The House of Delegates gave preliminary approval today to legislation that would ban the sale and distribution of phosphate detergents in Maryland as proponents repelled several attempts to weaken the already diluted bill.
During a debate that lasted more than two hours, opponents of the phosphate ban unsuccessfully blasted a bill they argued had been so amended in committee as to be nonsensical. As currently written, the legislation allows homeowners with septic tanks, customers of coin-operated laundries and veterinary hospitals among others to use detergents containing phosphates but prohibits them from purchasing the products in Maryland.
"We are faced with the absurd public policy of telling 35 percent of the people in this state they can use these products but that to use them they have to bootleg them in from out of state," said Del.
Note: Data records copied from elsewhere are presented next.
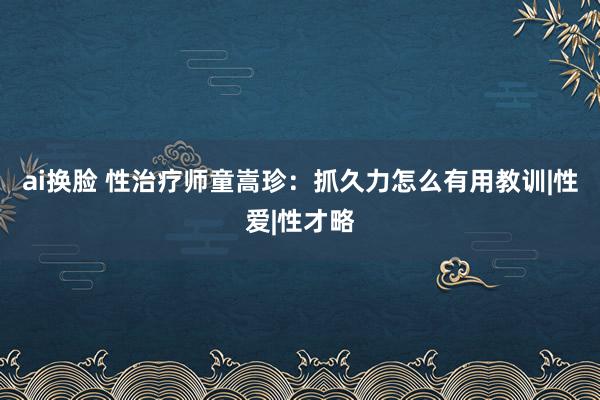 ai换脸 性治疗师童嵩珍：抓久力怎么有用教训|性爱|性才略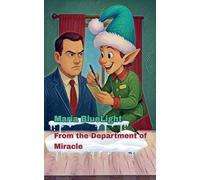 From the Department of Miracle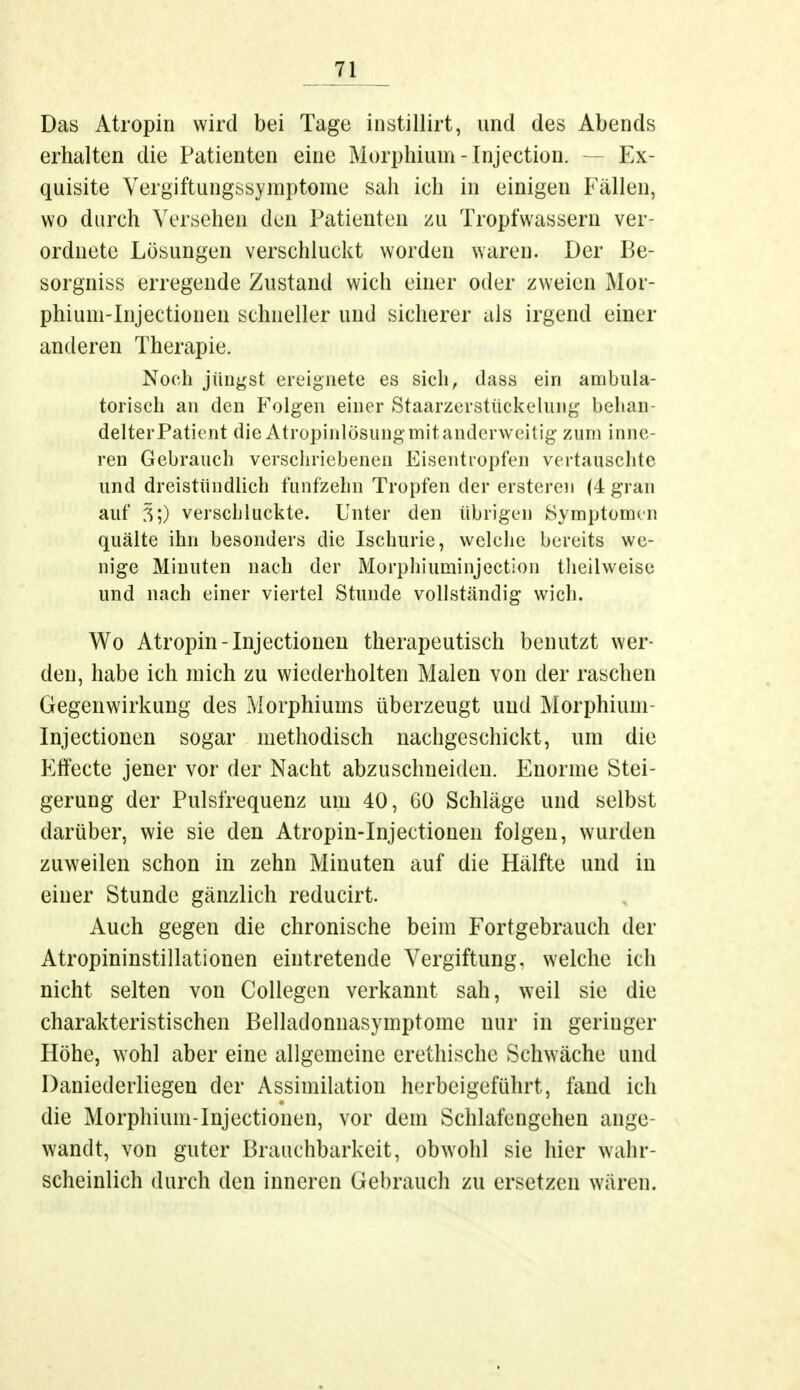 Das Atropin wird bei Tage instillirt, und des Abends erhalten die Patienten eine Morphium - Injection. — Ex- quisite Yergiftungssymptome sah ich in einigen Fällen, wo durch Versehen den Patienten zu Tropfwassern ver- ordnete Lösungen verschluckt worden waren. Der Be- sorgniss erregende Zustand wich einer oder zweien Mor- phium-Injectionen schneller und sicherer als irgend einer anderen Therapie. Noch jüngst ereignete es sich, dass ein ambula- torisch an den Folgen einer Staarzeratückelung behan- delter Patient die Atropinlösung mit anderweitig zum inne- ren Gebrauch verschriebenen Eisentropfen vertauschte und dreistündlich fünfzehn Tropfen der ersteren (4 grau auf 3;) verschluckte. Unter den übrigen Symptomen quälte ihn besonders die Ischurie, welche bereits we- nige Minuten nach der Morphiuminjection theilweise und nach einer viertel Stunde vollständig wich. Wo Atropin-Injectionen therapeutisch benutzt wer- den, habe ich mich zu wiederholten Malen von der raschen Gegenwirkung des Morphiums überzeugt und Morphium Injectionen sogar methodisch nachgeschickt, um die Effecte jener vor der Nacht abzuschneiden. Enorme Stei- gerung der Pulsfrequenz um 40, GO Schläge und selbst darüber, wie sie den Atropin-Injectionen folgen, wurden zuweilen schon in zehn Minuten auf die Hälfte und in einer Stunde gänzlich reducirt. Auch gegen die chronische beim Fortgebrauch der Atropininstillationen eintretende Vergiftung, welche ich nicht selten von Collegen verkannt sah, weil sie die charakteristischen Belladonnasymptome nur in geringer Höhe, wohl aber eine allgemeine erethische Schwäche und Daniederliegen der Assimilation herbeigeführt; fand ich die Morphium-Injectionen, vor dem Schlafengehen ange- wandt, von guter Brauchbarkeit, obwohl sie hier wahr- scheinlich durch den inneren Gebrauch zu ersetzen wären.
Casper R. Taylor Jr. (D-Western Maryland).
But supporters of the ban, who argue that the bill would aid the effort to restore water quality in the Chesapeake Bay, managed to defeat several crippling amendments, including proposals to permit the sale of such detergents to residents who are exempted, and one attempt to delay implementation of the ban until neighboring states enact similar legislation.
House members, who have been subjected to a relentless lobbying campaign by detergent, chemical and textile interests, appear narrowly divided on the legislation heading into a final vote, which is scheduled for Thursday. A head count by supporters last night showed 67 votes for the measure, four shy of what is needed to pass the full House.
However, proponents of the phosphate ban were buoyed by the support they found today and appeared to benefit from a lobbying effort that some House members say has been heavy-handed and counterproductive.
"It's going to be awfully close, but I remain optimistic," said Del. William R. McCaffrey (D-Prince George's), who managed the bill on the floor.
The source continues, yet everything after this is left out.